Görüşmelerin çıkmaza girip düzenin devamına gerek siyasi gerek maddi olarak inananlara “biz zaten dediydik” dedirten Akıncı’ya görüşmelerin geleceğimizin en önemli değişimi olacağına inananlar da ‘’ Sayın Akıncı ile yol ayırımında mıyız?’ ifadeleri ile durum değerlendirmesi yaptılar.
SOL HAREKET; FEDERAL ÇÖZÜMDEN BAŞKA GİDİLECEK YOL YOKTUR!
Solun yeni sesi Sol Hareket yayınladığı bildiride her izi liderede çağrıda bulunarak yapıcı olmalarını ve kapsamlı çözüm müzakerelerine Guterres çerçevesi temelinde biran önce başlamalarını, Kıbrıs sorununun erken çözümünün tüm Kıbrıslılar için hayati derecede önemli olduğunu, “Kıbrıslı Türklerin federal çözüm iradesinin görmezden gelinmesi ve yol ayırımından bahsederek, ayrılıkçı gündemlerin dayatılmaya çalışılması asla kabul edilemezdir” dedi.
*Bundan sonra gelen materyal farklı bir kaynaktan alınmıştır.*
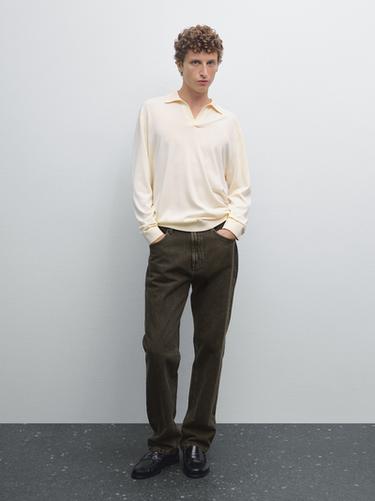 Zara V-neck knit polo sweater - Ecru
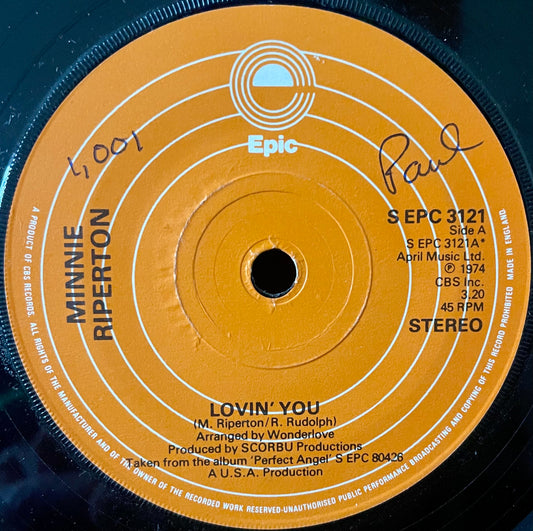 Minnie Riperton – Lovin' You - USED Vinyl 7" Single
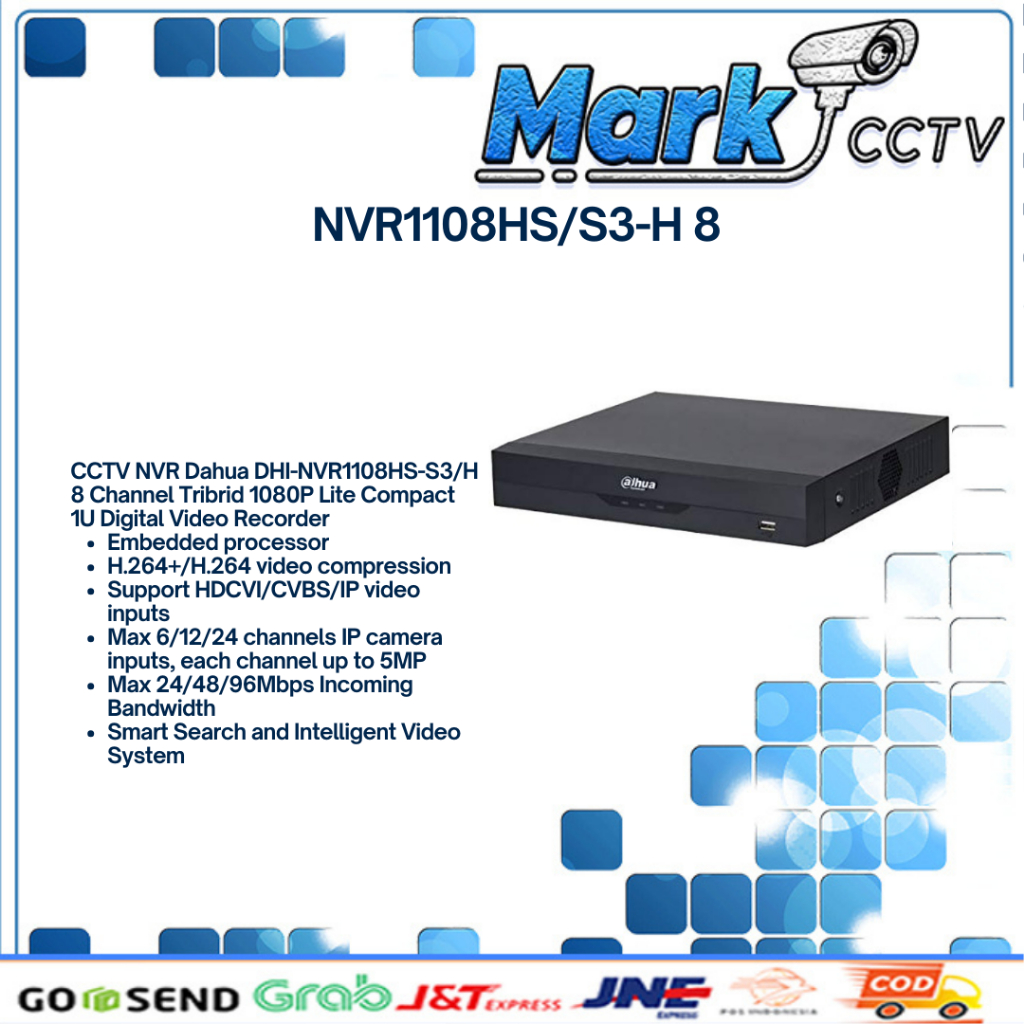 NVR CCTV DAHUA 1080P SERI NVR1108HS/S3-H 8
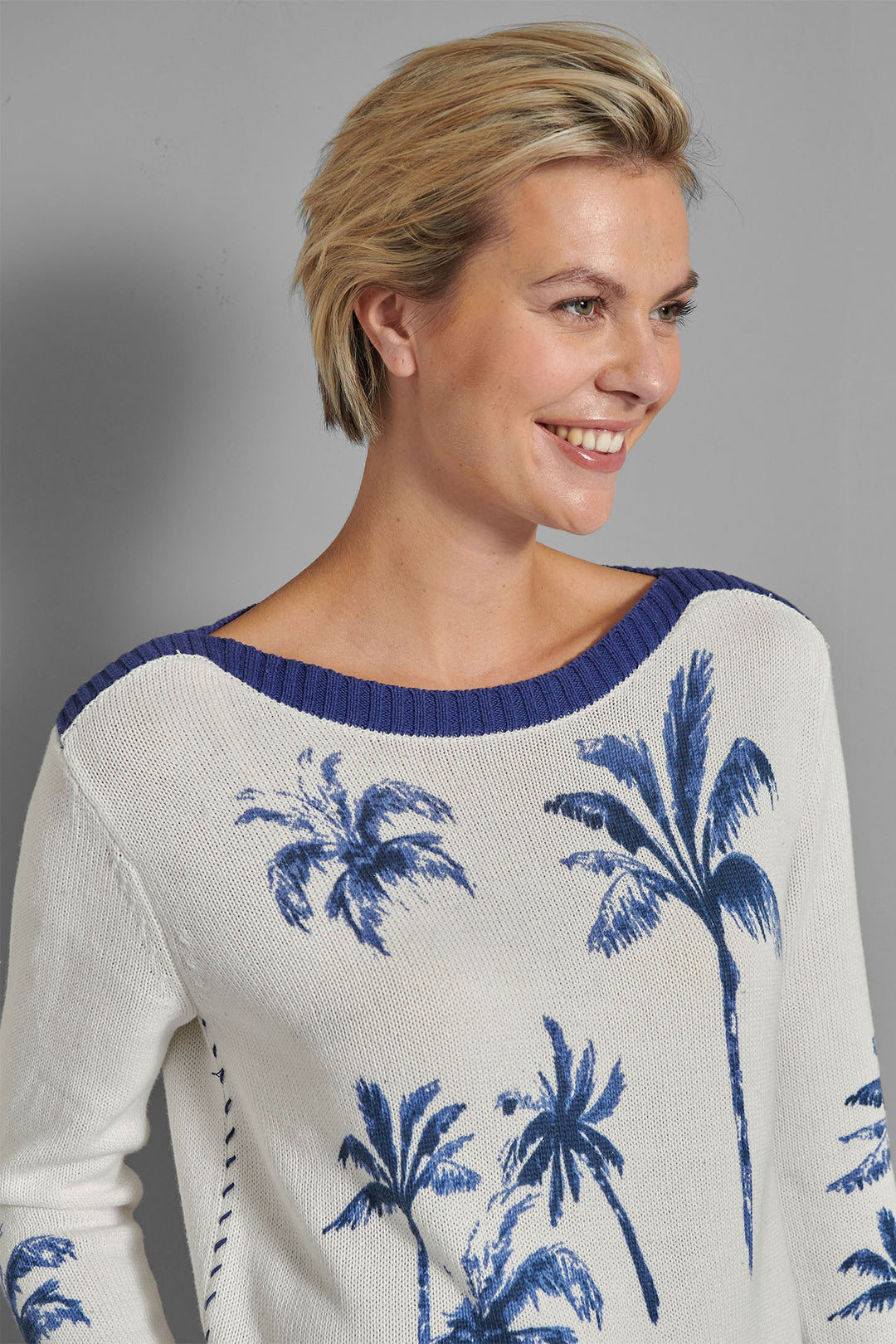 Eve in Paradise Pia Wide Neck Jumper Cream Blue Palm Pattern 1082-24326-6044 - Dotique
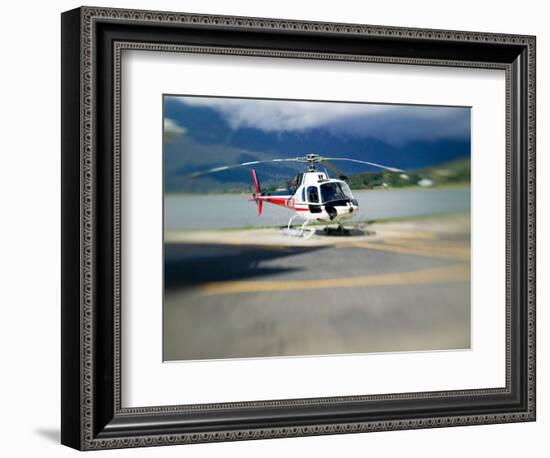 Helicopter Lifting Off, Juneau, Alaska, USA-Terry Eggers-Framed Photographic Print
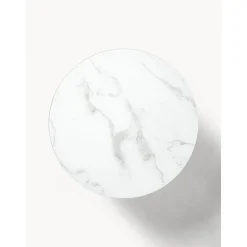 Tavolino Rotondo Da Salotto Con Piano In Vetro Effetto Marmo Antigua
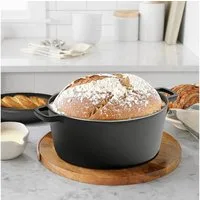 GLIESE Brotbackform Brotbackform 26cm Gusseisen Topf Brot Backen, für alle Herdarten, Backöfen & Grills, Temperaturbeständig bis 450°C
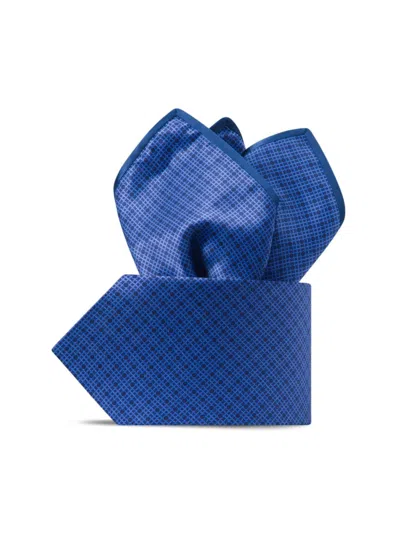 Stefano Ricci Men's Hand Printed Silk Tie Set In Navy Blue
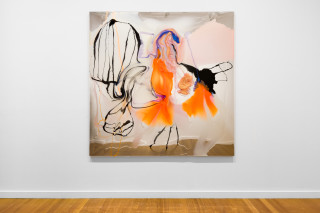 installation view; Dale Frank He always thought from the little that he knew that this was enough to make him confident that he was doing the right thing, 2025; colour powder pigments in Epoxyglass, Epoxyglass, on perspex; 200 x 200 cm; enquire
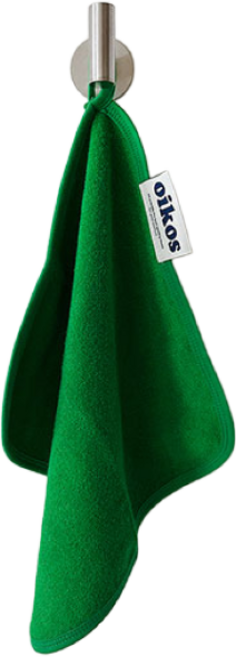 오이코스 핸드타월 1장 고리형 어린이집수건 곰돌이네임택 증정, 그린, 1개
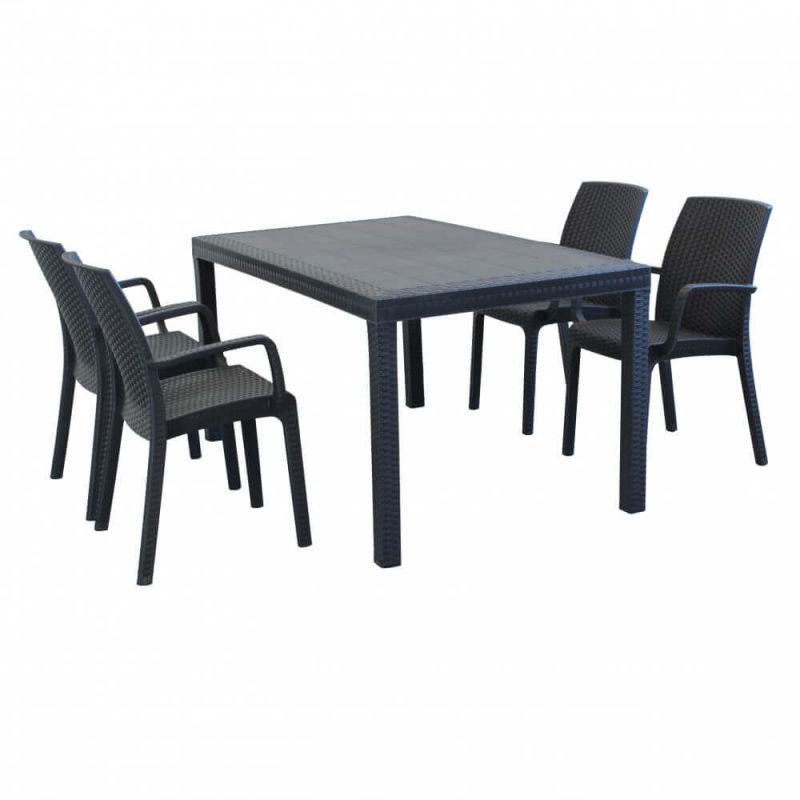 CALIGOLA - set tavolo in resina effetto rattan cm 150 x 90 x 74 h con 4 poltrone Alma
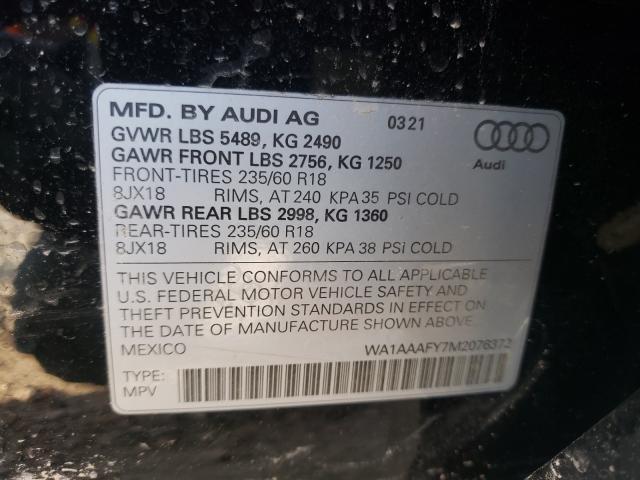 Photo 10 from auction – 2021 AUDI Q5 PREMIUM with VIN WA1AAAFY7M2076372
“Kıbrıslı Türklerin karşı karşıya olduğu temel ikilem ya erken federal çözüm, ya da toplumsal yok oluşdur. Dolayısı ile erken federal çözümden başka gidilecek bir yol bulunmamaktadır” diyen Abdullah Korkmazhan, Kıbrıslıların karşılıklı suçlama oyunları ile kaybedecek zamanı bulunmadığının altını çizdi.
Muhalefet iken görüşmelerin destekçisi olan yeni hükümet ve ortakları 3. Maymunu oynayarak, neredeyse yol ayırımını meşru kıldılar.
Doğrusu bu yol ayırımı ile Akıncı nereye koşuyor ben de anlayamıyorum.
Tabii ki hiçbir Kıbrıslı Türk adada edilgen olacağımız bir anlaşmayı istemez.
Akıncının bu beyanı ve hatta arkasından yaptığı daha detaylı açıklama, Kıbrıs’ta anlaşmayı Rumların zihniyetinin inisiyatifine, Avrupa Birliği’nin ruh haline, Petrol şirketlerinin transit bedelleri hesabına, Trump’ın egosuna, garantörlerin silah arkadaşlığına havale ederek kendi görüşmeci konum ve kapasitesini inkâr etmiyor mu?
Hadi sevgili Akıncı, yanılt beni, sevindir beni, gururlandır beni, yemeğin üstünden ceviz macunu süper olur!